Lompat ke konten Lompat ke sidebar Lompat ke footer

Waspadalah terhadap situs penipuan donasi online Ukraina. dapat mencuri uang dan data

Waspadalah terhadap situs penipuan donasi online Ukraina. dapat mencuri uang dan data
Ilustrasi memberikan uang.(Pixabay/Reka)

Konflik antara Rusia dan Ukraina digunakan sebagai penutup oleh scammer online yang menyalahgunakan niat baik donor.

Penipu online tidak hanya mencuri uang, tetapi juga data kredensial pengguna.

Konflik antara Rusia dan Ukraina telah menarik perhatian banyak orang, termasuk mereka yang berniat baik untuk membantu para korban.

Sayangnya, niat baik orang-orang ini dimanfaatkan oleh banyak pihak untuk melakukan penipuan berkedok donasi.

Pekan lalu, peneliti Kaspersky mengamati peningkatan aktivitas penipuan, dengan berbagai situs web donasi palsu menyebar di seluruh web.

Jenis penipuan ini ditujukan untuk memeras uang dari organisasi yang sah.

Penipuan donasi bukanlah hal baru, biasanya dalam menanggapi bencana atau keadaan darurat.

Konflik Ukraina-lah yang menjadi 'topeng' para scammer kali ini.

Peneliti Kaspersky melaporkan banyak halaman phishing yang meniru situs donasi dan amal.

Penipu online tidak hanya mencuri uang dan kredensial pengguna, mereka juga mencuri nama organisasi yang sah dari donasi ini.

Sebagian besar halaman ini tidak memuat informasi yang cukup tentang penyelenggara penggalangan dana, penerima donasi, atau dokumen lain yang membuktikan keabsahan kegiatan tersebut.

Saat pengguna mengunjungi halaman Anda, satu-satunya hal yang dapat mereka lakukan adalah memberikan donasi.

Situs web tersebut juga tidak menjelaskan bagaimana organisasi akan menyalurkan dananya.

Terlepas dari kurangnya informasi, scammer online memungkinkan donor untuk mentransfer uang dengan mudah dan nyaman,

termasuk opsi untuk mentransfer uang dari kartu kredit dan dompet kripto.

Tanda lain dari situs donasi palsu adalah penggunaan taktik 'berbasis stres', seperti menekankan urgensi dan menggunakan bahasa yang sangat emosional.

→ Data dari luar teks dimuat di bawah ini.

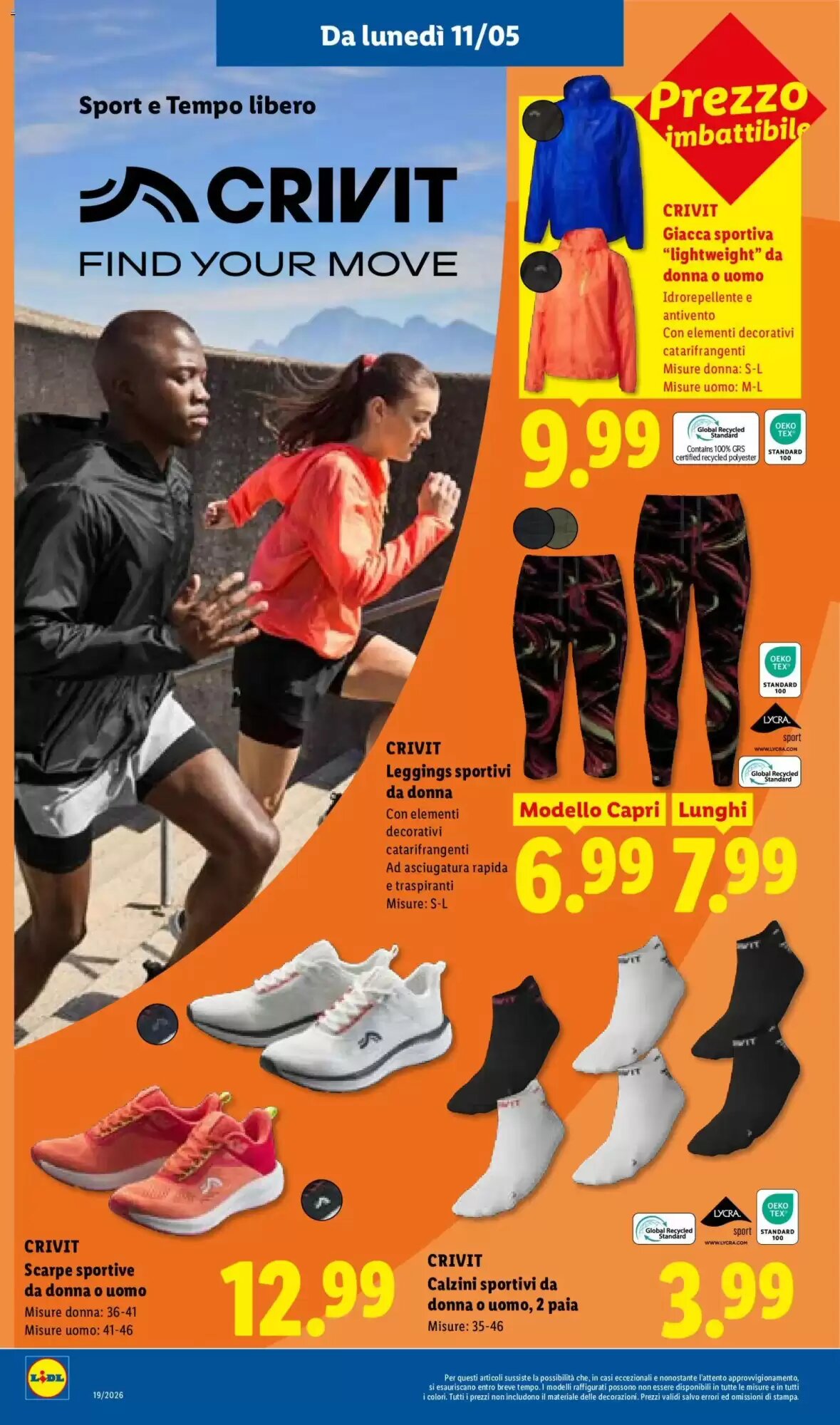 Volantino promozionale Lidl  valide dal 07/05/2026 - Pagina 40.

Dalam pesan spam massal yang ditemukan oleh Kaspersky, para scammer berpura-pura menjadi korban konflik dan berpura-pura mencari bantuan keuangan untuk keluarga mereka.

Saat bank tutup, saya meminta transfer melalui bitcoin dan meninggalkan alamat dompet bitcoin saya.

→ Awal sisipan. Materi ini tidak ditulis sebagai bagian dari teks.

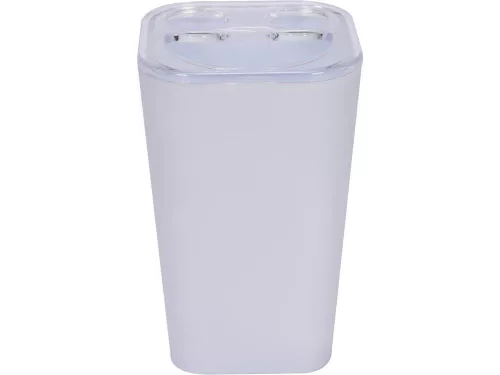 FALA 69338 Fogkefetartó pohár Cuboid White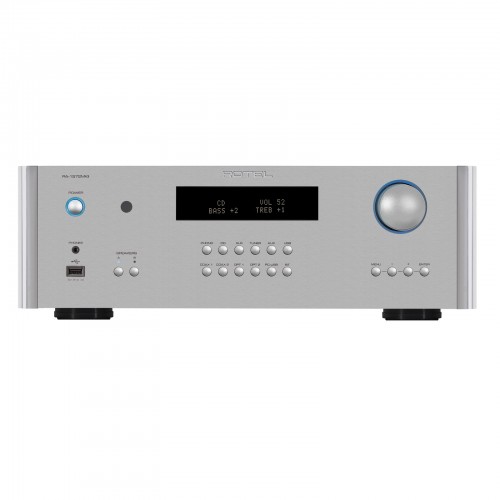 Интегральный усилитель Rotel RA-1592 MKII silver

Kemudian, untuk membuat penggalangan dana lebih kredibel, scammers mulai mendapat untung dari merek dan selebritas terkenal.

Karena orang lebih cenderung mengikuti contoh idola dan merek yang mereka percayai.

"Keinginan untuk membantu orang lain adalah mulia.

Sayangnya, scammers mencoba memanfaatkan setiap kesempatan untuk keuntungan mereka sendiri.

Minggu lalu kami melihat scammer online ini menyebarkan banyak halaman donasi palsu dan kredensial pengguna yang mencoba membantu. Saya telah melihatnya mencuri uang.

" David Emm, kepala peneliti keamanan Kaspersky, mengatakan dalam sebuah pernyataan.

“Selalu periksa keabsahan situs penggalangan dana yang Anda ikuti, karena sangat penting untuk memastikan bahwa donasi Anda digunakan dengan baik,” tambahnya.